We appreciate the opportunity to comment on proxy rules and regulations and their interpretations regarding procedures for the election of corporate directors. We are providing comments responsive to the Notice of Solicitation of Public Views Regarding Possible Changes to the Proxy Rules regarding procedures for the election of corporate directors.

With plan assets of approximately $75 billion, the Teacher Retirement System of Texas is among the top ten pension plans in the United States. Currently, over one million public school employees rely on the plan for their pension benefits. Because most Texas school districts do not participate in Social Security, employee benefits through TRS constitute the primary source of retirement income security. Thus performance of the pension trust fund is all the more important to benefit security.

TRS is a long-term investor that continuously owns substantial positions in publicly traded U.S. equity securities. Generally, our ownership tracks closely the market weighting of the Standard & Poor's indices. In other words, we are fully invested in America and we never consider not being so invested. Consequently, one of our primary strategies to promote value preservation and enhancement is to pay attention to the stewards of corporate America, those that are charged with fiduciary responsibility to manage the affairs of the companies on whose boards they sit for the long-term benefit of shareholders. If they do so, we believe that they not only serve shareholders effectively but also provide assurance that the interest of employees, vendors and others are served.
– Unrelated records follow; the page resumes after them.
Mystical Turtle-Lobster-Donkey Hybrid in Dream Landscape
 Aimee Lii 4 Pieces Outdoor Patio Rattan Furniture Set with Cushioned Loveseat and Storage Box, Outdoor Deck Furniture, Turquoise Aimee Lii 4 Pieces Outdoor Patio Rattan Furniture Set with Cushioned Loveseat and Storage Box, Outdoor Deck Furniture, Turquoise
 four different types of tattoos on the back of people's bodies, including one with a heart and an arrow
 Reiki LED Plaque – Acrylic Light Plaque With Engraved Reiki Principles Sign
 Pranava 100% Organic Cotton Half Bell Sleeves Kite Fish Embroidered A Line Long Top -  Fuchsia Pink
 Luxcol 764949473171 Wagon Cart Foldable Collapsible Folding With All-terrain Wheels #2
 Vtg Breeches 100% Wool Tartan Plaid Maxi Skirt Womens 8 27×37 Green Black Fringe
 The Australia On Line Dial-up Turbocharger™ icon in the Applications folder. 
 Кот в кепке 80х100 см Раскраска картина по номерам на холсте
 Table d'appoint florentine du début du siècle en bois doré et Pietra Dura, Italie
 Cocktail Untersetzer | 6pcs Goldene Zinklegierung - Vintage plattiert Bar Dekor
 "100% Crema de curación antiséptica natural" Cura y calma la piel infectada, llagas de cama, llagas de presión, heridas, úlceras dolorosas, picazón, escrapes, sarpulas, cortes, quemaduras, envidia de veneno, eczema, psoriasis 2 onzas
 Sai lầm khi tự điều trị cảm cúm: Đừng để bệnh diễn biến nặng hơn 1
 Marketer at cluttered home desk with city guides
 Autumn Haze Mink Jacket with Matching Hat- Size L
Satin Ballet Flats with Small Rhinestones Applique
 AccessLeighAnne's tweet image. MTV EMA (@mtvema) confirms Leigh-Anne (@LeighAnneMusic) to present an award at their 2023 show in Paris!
Events of the past few years have illustrated the terrible consequences of ineffective and regrettably fraudulent governance and management activity. We appreciate actions by the Commission and exchanges to improve corporate governance and believe that these efforts will pay dividends to shareholders in the future. We urge you to continue to support regulatory action that will promote the selection and function of strong and qualified, non-conflicted boards of directors. A few of the issues that we continue to be concerned with include:

  • Excessive CEO/management influence over the board and the nomination and election of directors.

  • Lack of true board member independence.

  • Instances in which members serve on too many boards, which may diminish their ability to focus on and contribute to the needs of each board.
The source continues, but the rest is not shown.